The way this is usually done is by observing "back-pressure" from the pipeline. If you pick a static number of frames that you are willing to buffer up at the start of the rendering pipeline (usually 1-3), when there's no more space in the queue you simply halt the game and wait until space is available. Then, assuming that pipeline is running in a relatively steady state
, the game can time how long it takes from the point that it fills the queue to the point where another slot opens up to get the rate of output of the pipeline. This is what pretty much every game does, and this is the same timing that FRAPS is measuring. GPU vendors like this strategy because it ensures that the GPU usually has more work waiting in the queue and thus will run at full throughput and show high frames per second numbers.

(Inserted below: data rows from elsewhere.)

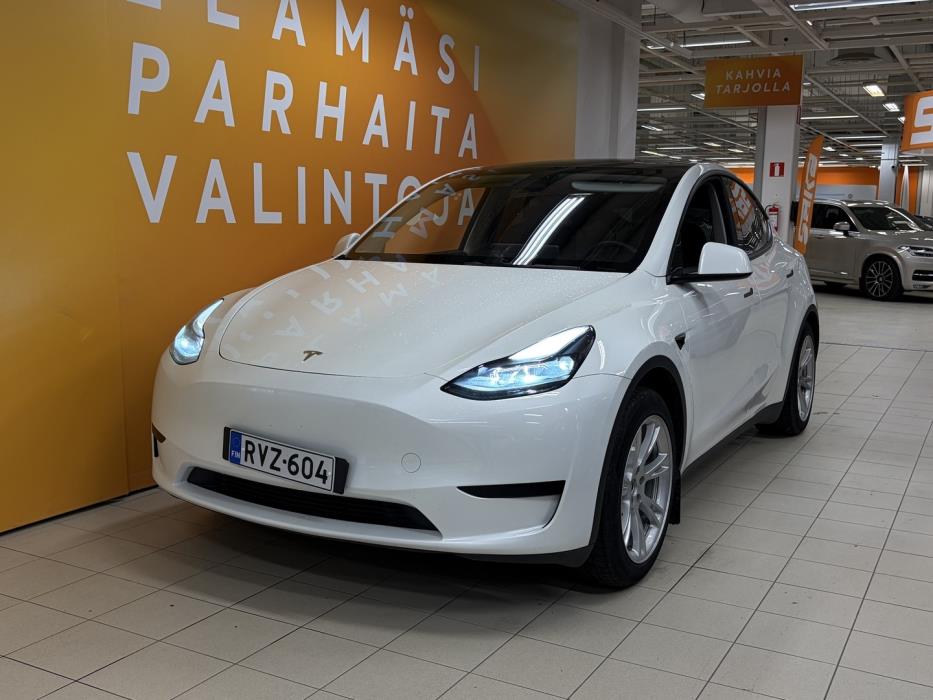 TESLA Model Y 2024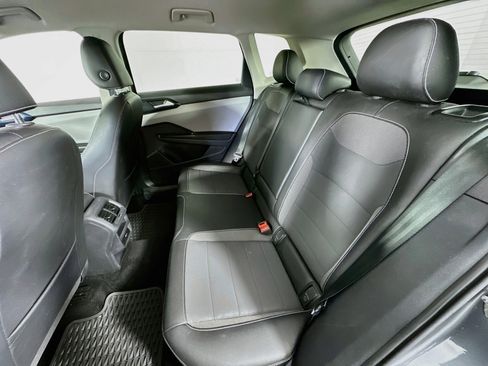 Used 2023 Volkswagen Taos SE FWD image 23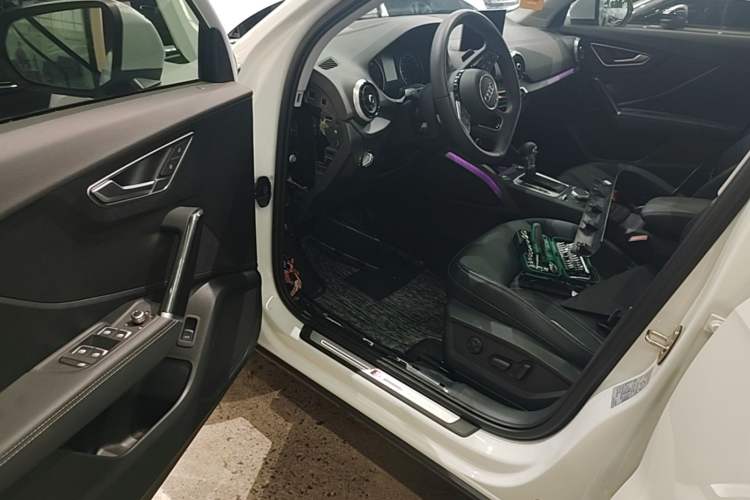 Used Audi Q2L 2024 35TFSI Fashionable and Dynamic Edition Driver Seat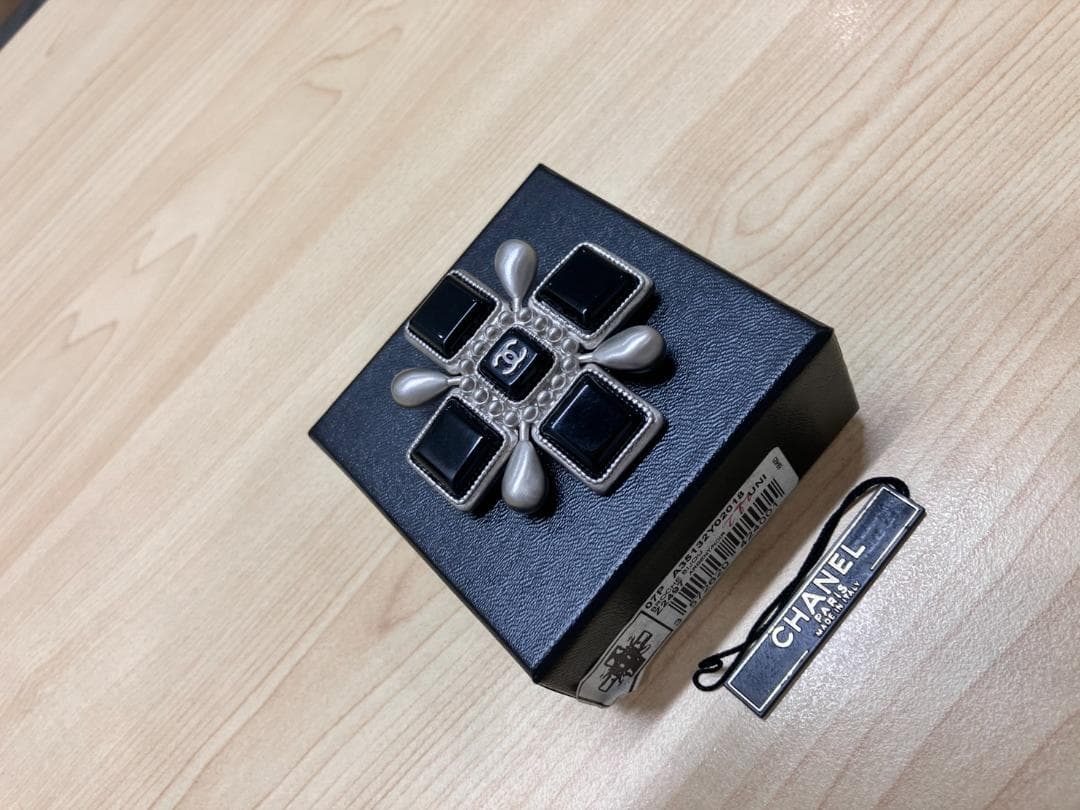 K*Y様 2007PCHANEL クロス型ブローチ A35132Y02018 K*Y様 2007PCHANEL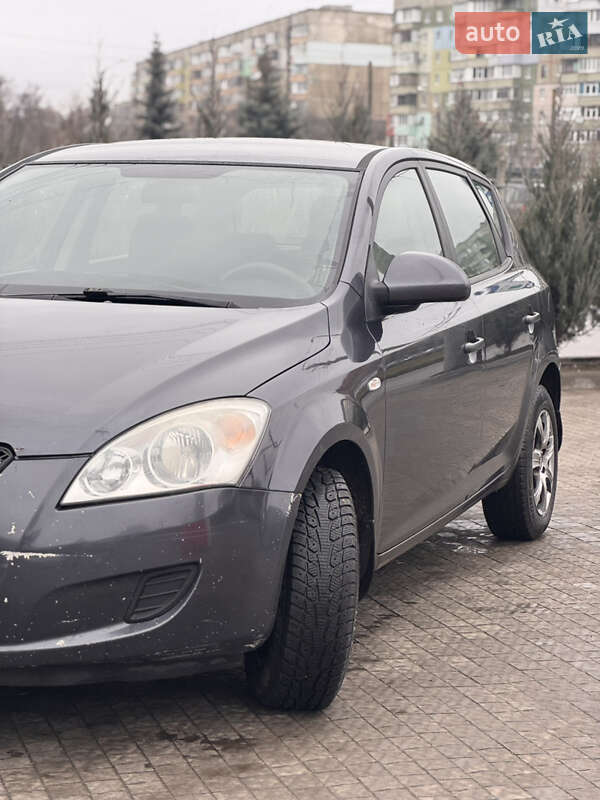 Хэтчбек Kia Ceed 2007 в Полтаве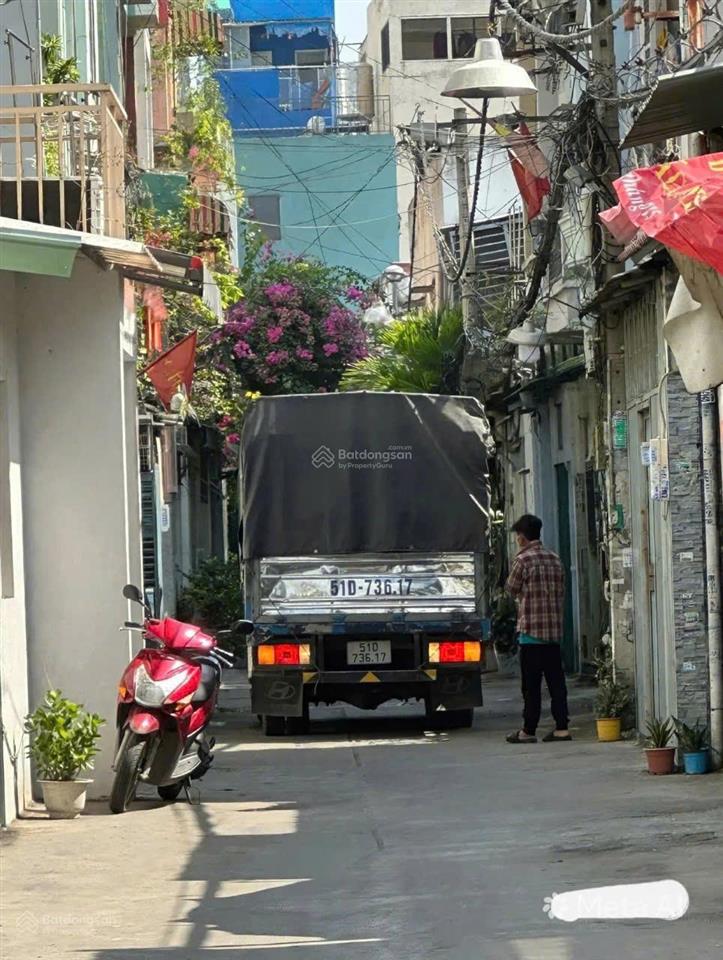 Bán gấp nhà btct, hẻm xe hơi thông  thoại ngọc hầu  tân phú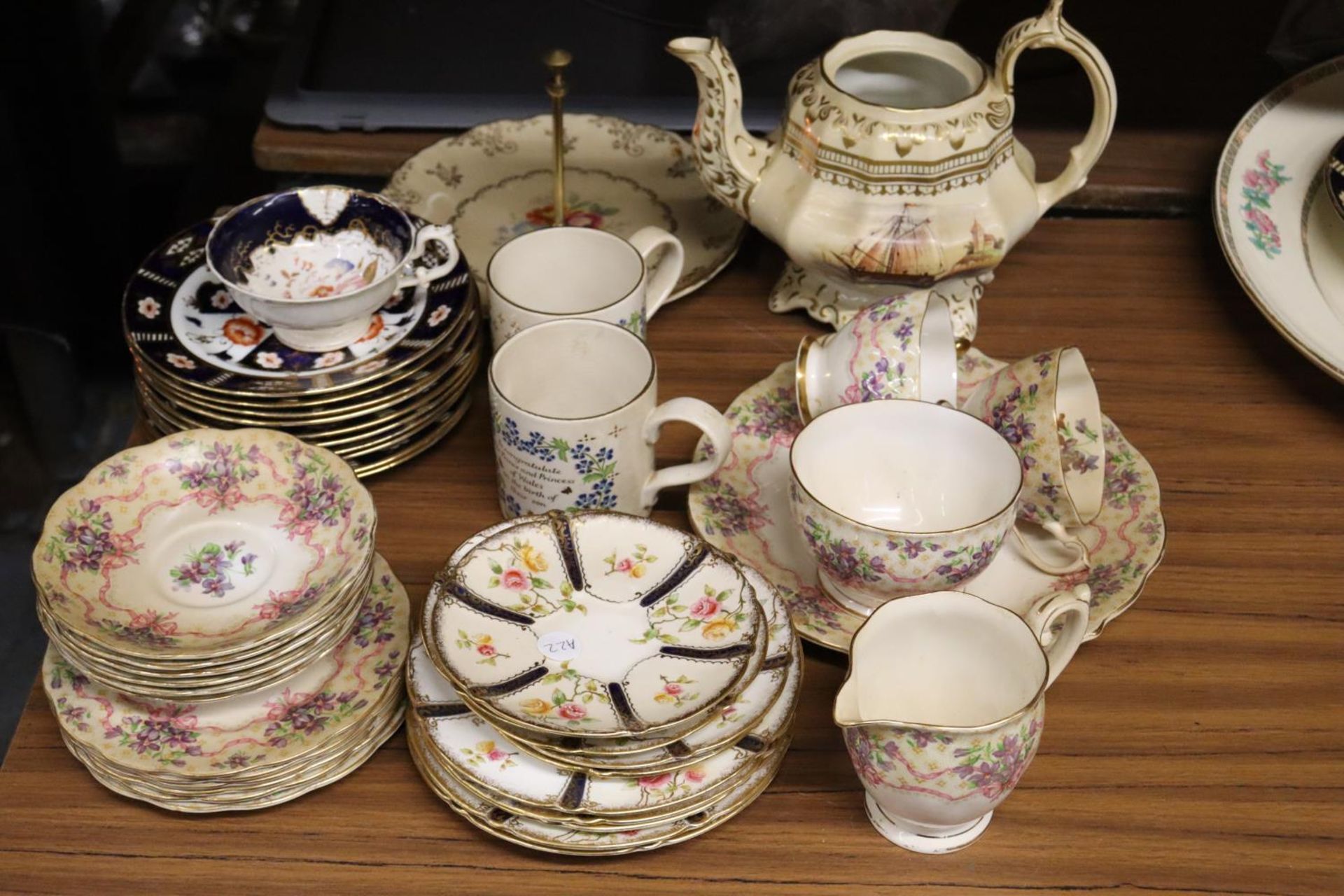 A QUANTITY OF VINTAGE TEAWARE TO INCLUDE QUEEN ANNE, 'SWEET VIOLETS', ETC, CUPS, SAUCERS, SIDE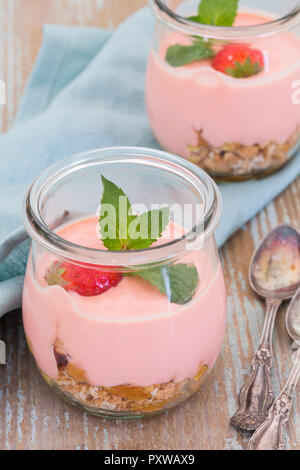 Zwei Gläser Erdbeer trifle mit mascarponecreme und Amarettini Stockfoto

But note the emphasis in the previous paragraph, as this is the key point I'm trying to make: the back-pressure strategy that basically all games use to adjust to the throughput of a given hardware/software configuration is based on the assumption that the rendering pipeline is running in a consistent, steady state. Any spikes throw off that assumption and will
produce jittery output.
Let's consider a practical example, shamelessly stolen from one of Scott's articles (http://techreport.com/review/24022/d...in-windows-8/2
) and marked up by yours truly:
In section A, the game is humming along in a relatively steady state. It's reasonable to assume that the game is GPU bound here, and each frame is taking it about 16ms or so to render (i.e. ~63fps). But then at B, something happens to make the CPU wait far longer than usual to submit a frame to the pipeline. It's possible that the work submitted 1-3 frames ago took an exceptionally long time to run on the GPU and this is a legitimate stall on the back-pressure from the rendering pipeline. However, given the frames that follow, that's unlikely.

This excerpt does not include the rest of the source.